- Work item -
A verbatim repeat of the lines below is required, with the pictures removed.

[Caption-style text data]
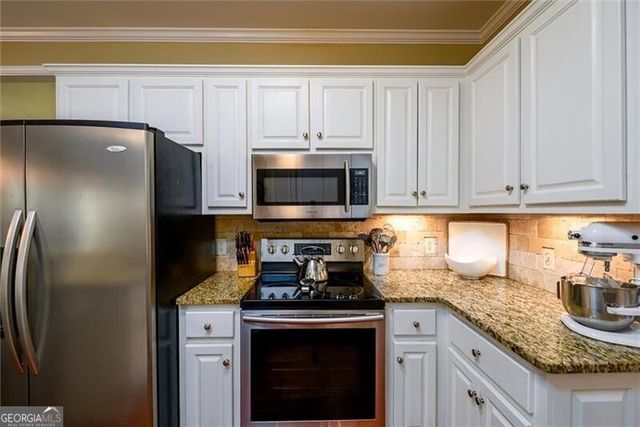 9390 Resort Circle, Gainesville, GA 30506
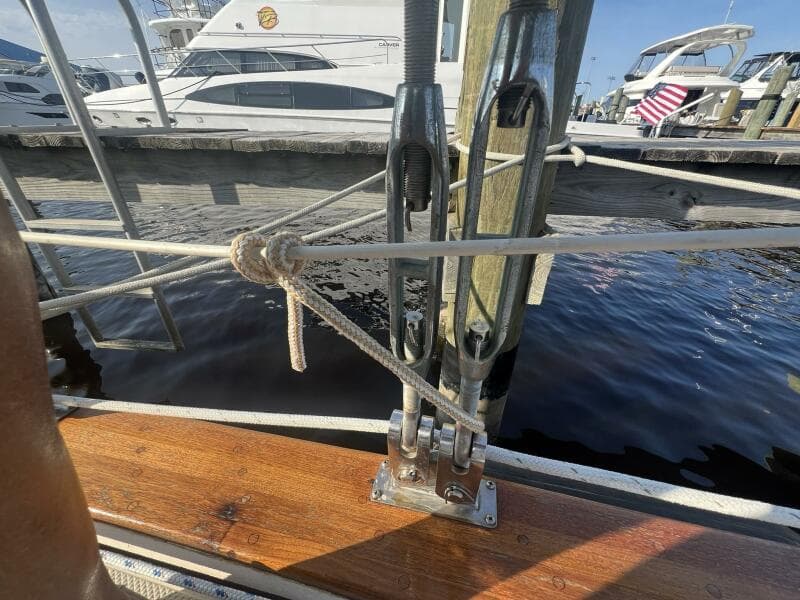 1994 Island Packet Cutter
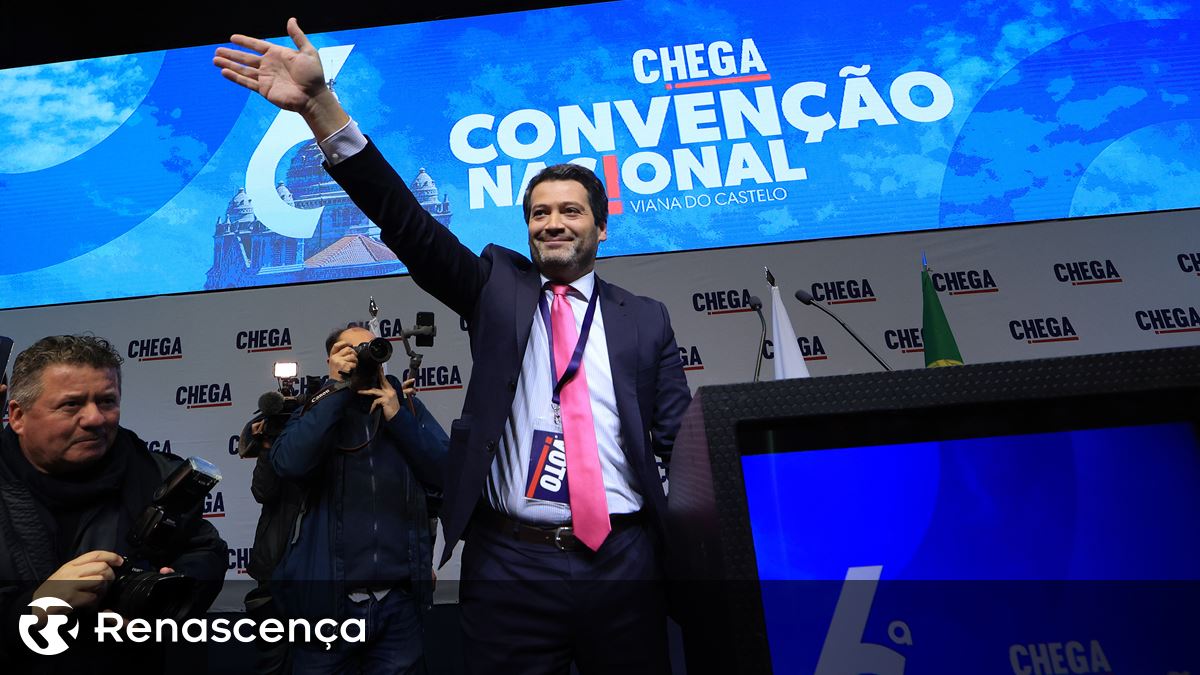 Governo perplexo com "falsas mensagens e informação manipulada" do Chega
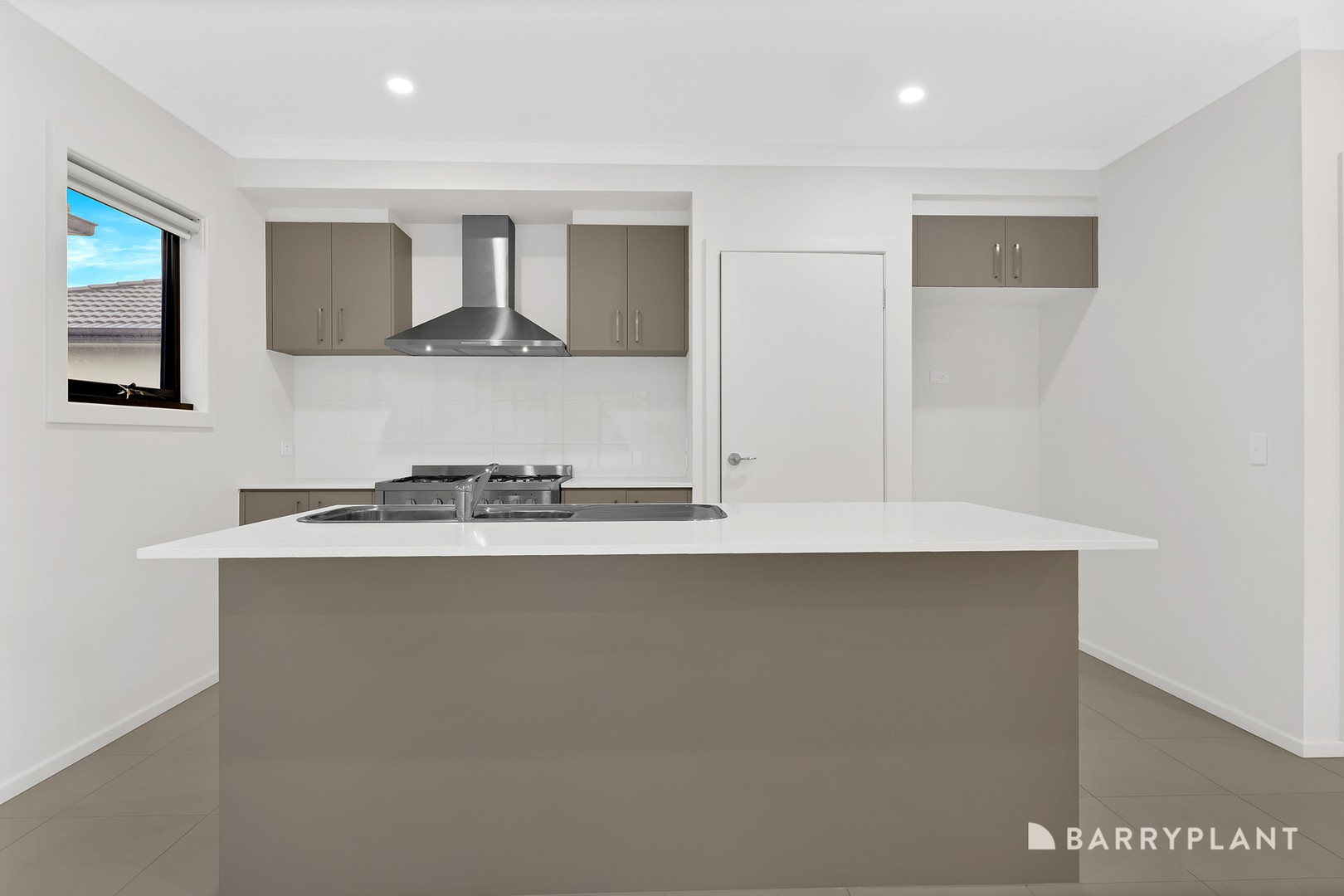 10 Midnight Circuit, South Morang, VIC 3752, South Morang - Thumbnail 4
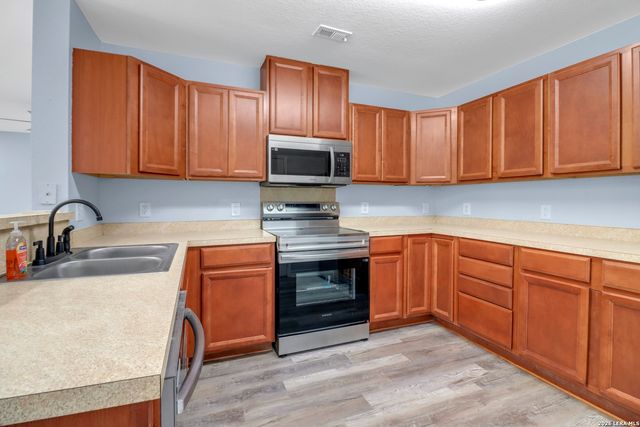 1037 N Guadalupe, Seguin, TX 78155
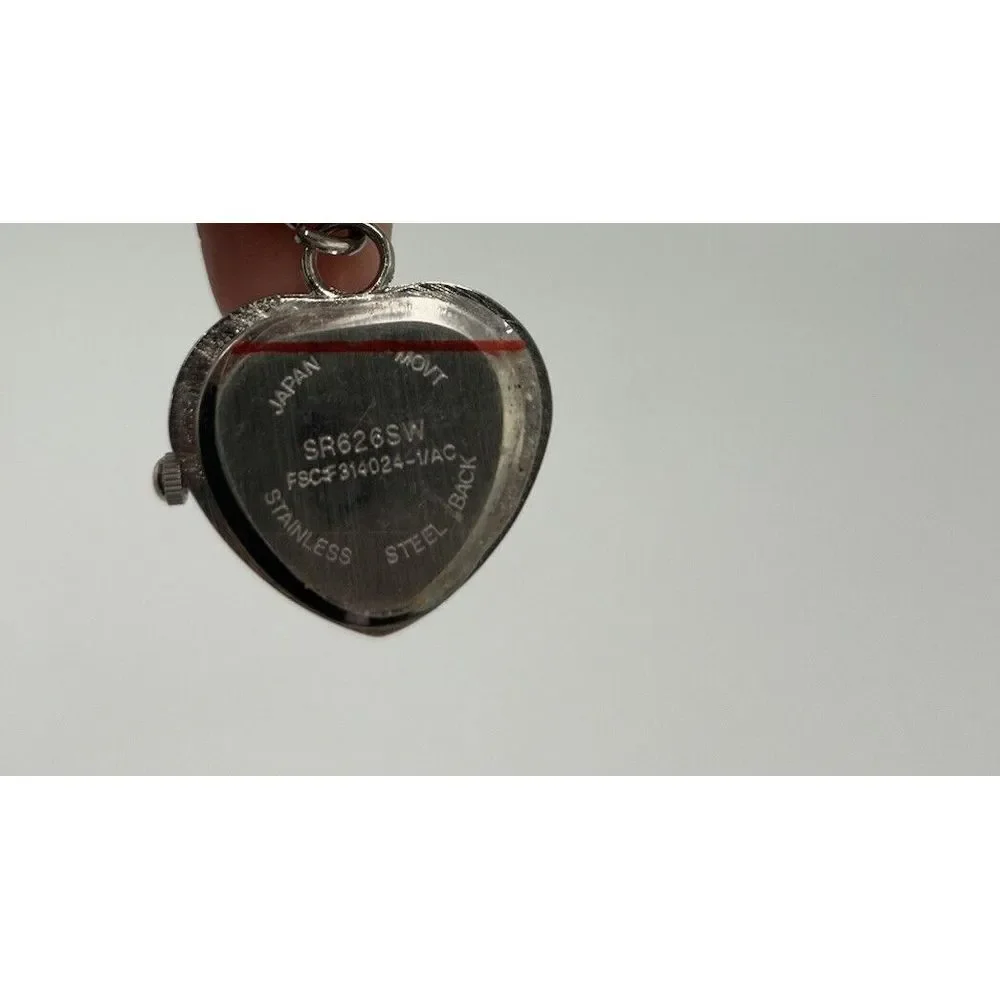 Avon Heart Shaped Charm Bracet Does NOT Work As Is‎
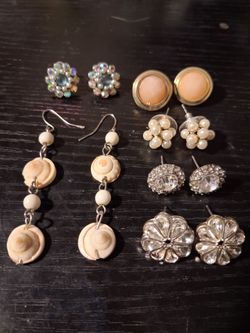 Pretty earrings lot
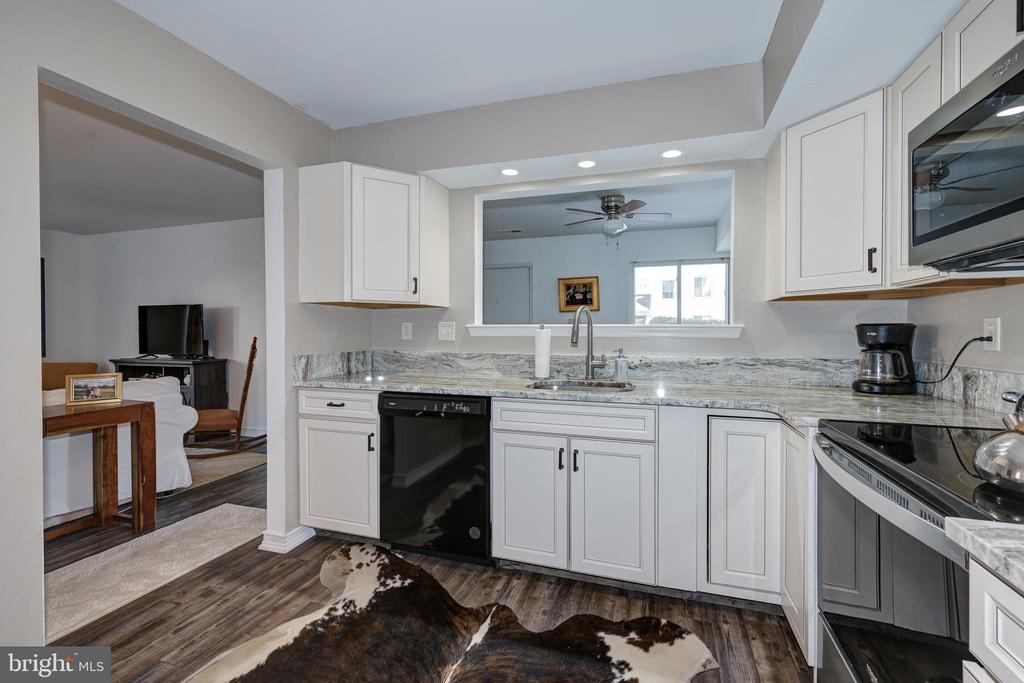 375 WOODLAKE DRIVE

- Answer section -
 9390 Resort Circle, Gainesville, GA 30506
 1994 Island Packet Cutter
 Governo perplexo com "falsas mensagens e informação manipulada" do Chega
 10 Midnight Circuit, South Morang, VIC 3752, South Morang - Thumbnail 4
 1037 N Guadalupe, Seguin, TX 78155
 Avon Heart Shaped Charm Bracet Does NOT Work As Is‎
 Pretty earrings lot
 375 WOODLAKE DRIVE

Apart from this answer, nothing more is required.